Le texte n'est vraiment pas simple d'accès, car les références à d'autres oeuvres, dont une partie n'est pas forcément connue du lecteur, sont permanentes.
Virgile, Théocrite,
Dante, Boccace… on pourrait multiplier les noms. Des passages entiers semblent avoir été repris, avec des subtiles variations. Mais c'est que la littérature fait partie de la mémoire de l'auteur, elle a autant de réalité que les souvenirs des lieux et des personnes. Elle permet de dire, aussi bien ce qui est personnel, que ce qui est universel, partagé par d'autres. L'amour est une thématique importante, thème obligé du genre, mais Sannazaro rend aussi hommage à sa mère.
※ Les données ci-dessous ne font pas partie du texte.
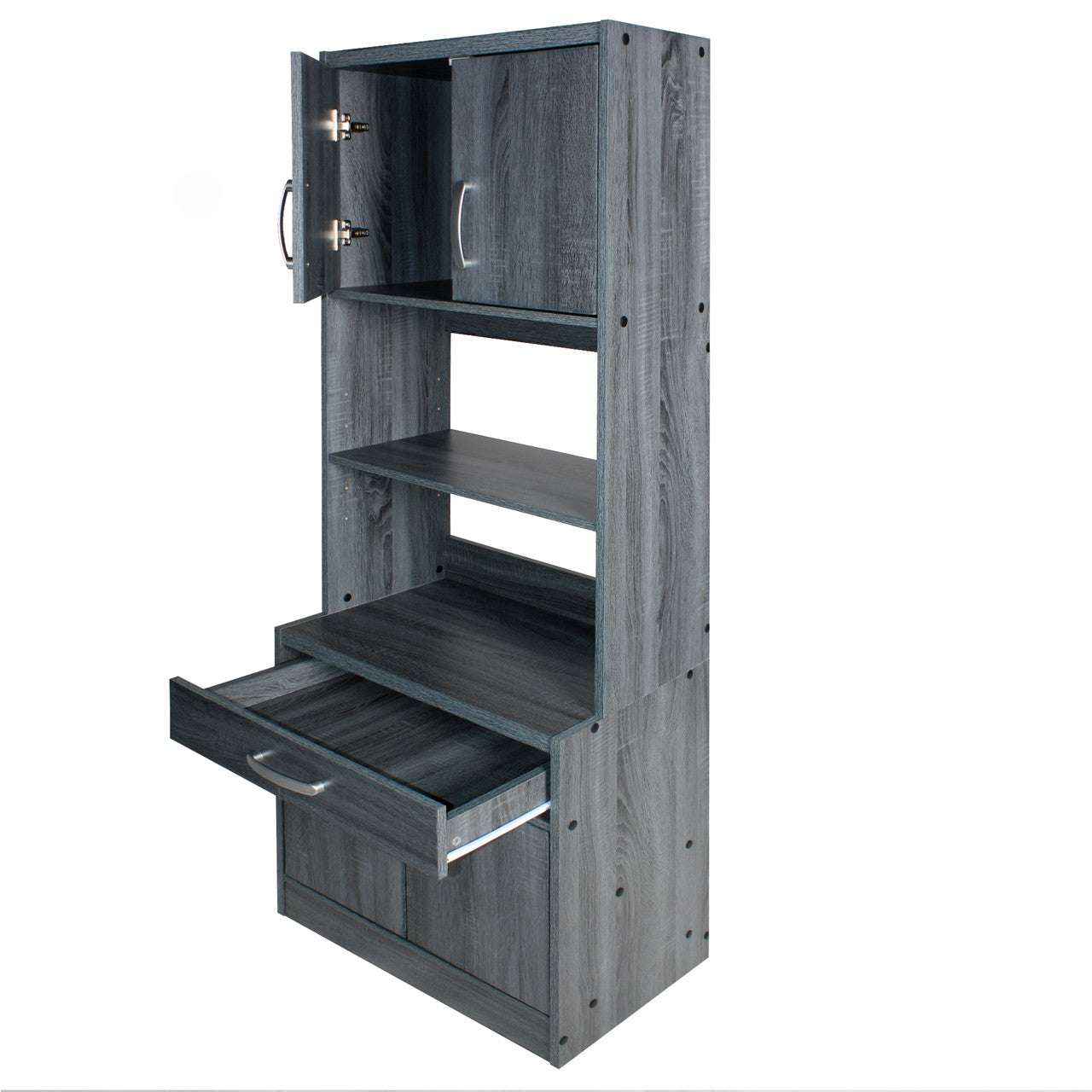 Go Green Woods Shelby Tall Wooden Kitchen Pantry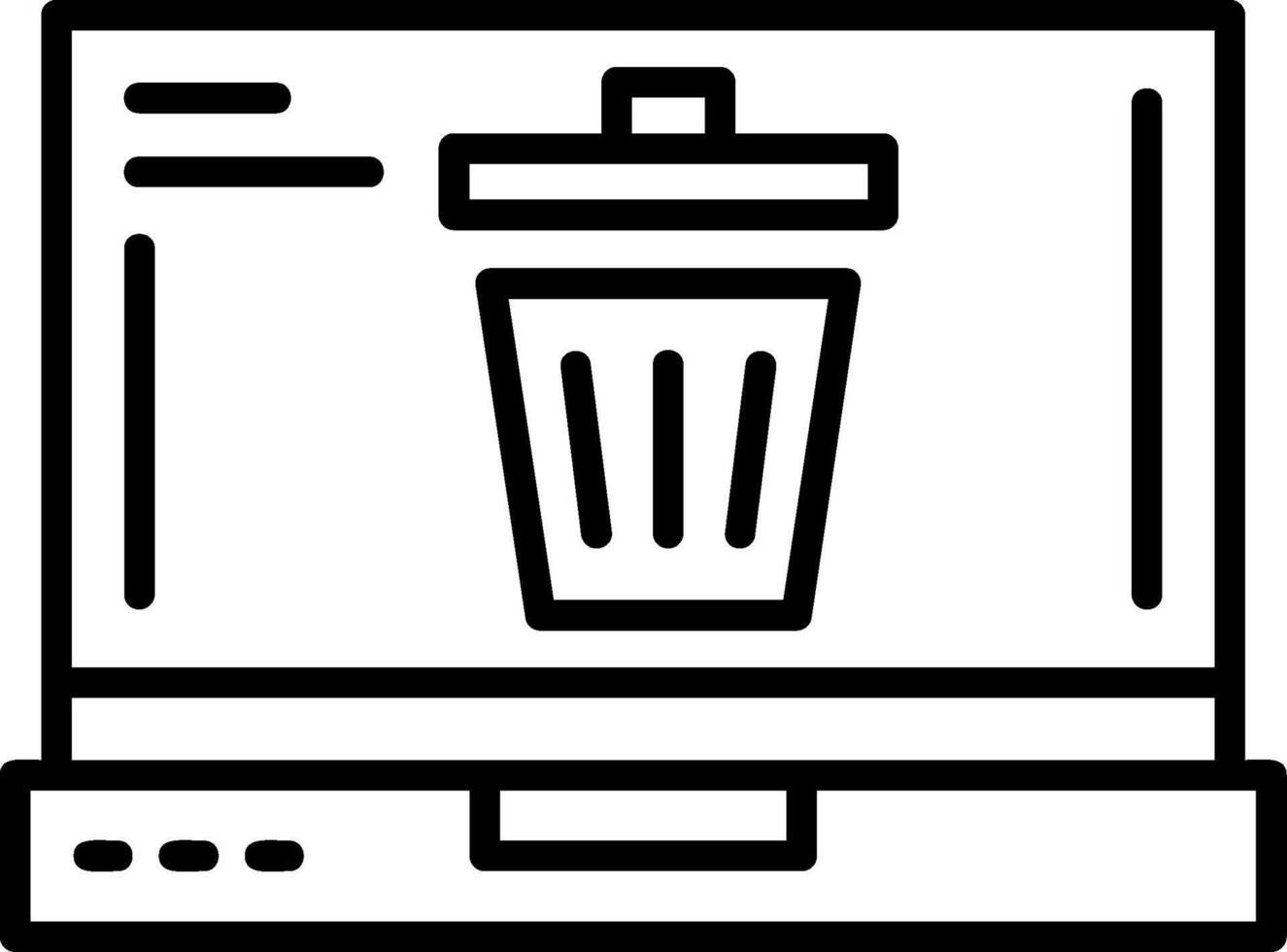 Trash Icon Design vector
Les description de la nature, des paysages sont très importants, et n'ont rien de conventionnel, des lieux réels sont évoqués. La nature amène aussi la question de l'art, la manière dont il transforme, transfigure, donne sens, du lien entre culture et nature.
Une oeuvre importante en son temps, assez troublante, mais qui demande un effort certain pour la pénétrer.